Estos días recupero una noticia aparecida en la recién nacida revista Eines. Papers per al canvi social. Trata de la desaparición de las 525 bibliotecas que había en Chechenia y del esfuerzo de recuperación que una mujer, Sacita Israilova –hoy directora de la Biblioteca Central de Grozni- y sus colaboradores.

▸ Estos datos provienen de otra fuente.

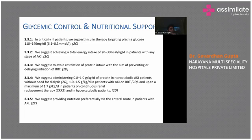Glycemic control and nutritional support in AKI differs significantly from CKD management. In CKD, we restrict protein, phosphorus, salt, and carbohydrates if the patient is diabetic.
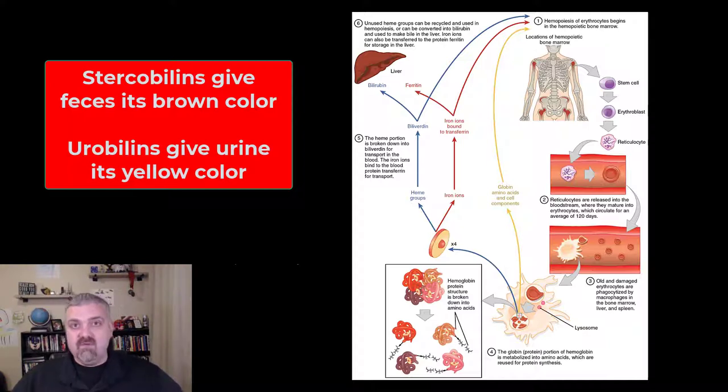The kidneys can also remove this bilirubin, and it's going to be secreted as what are called urobilins, which is going to make your urine yellow. So the yellow color of your urine and the brown color of your feces are both the results of the breakdown of red blood cells.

En el XIV Encuentro de Mujeres de Negro, celebrada el agosto pasado en Valencia, se la pudo escuchar contar su experiencia:


Durante las dos guerras fueron quemados o deteriorados 2.600.000 libros y dos bibliotecarias murieron.

Permanecí 56 días en un sótano con mi madre y catorce vecinos para después ir a trabajar a la biblioteca.

Había poca gente en la ciudad y mi trabajo fue el único sentido de mi vida: iba por las casas arrasadas, incendiadas y abandonadas y recogía los libros. Así recogí los primeros 3.000 ejemplares.

Hoy en día tenemos más o menos restauradas las bibliotecas, todo lo hemos hecho con nuestras propias manos y cada día tenemos más de 200 lectores.

La poca gente que quedó en la ciudad al acabar las bombas fue a la biblioteca, ya que para ellos era un símbolo de la paz. De hecho, la única palabra que escribí en la mutilada puerta fue BIBLIOTECA porque unía a la gente y significaba mucho; simbolizó el establecimiento de la paz en la ciudad.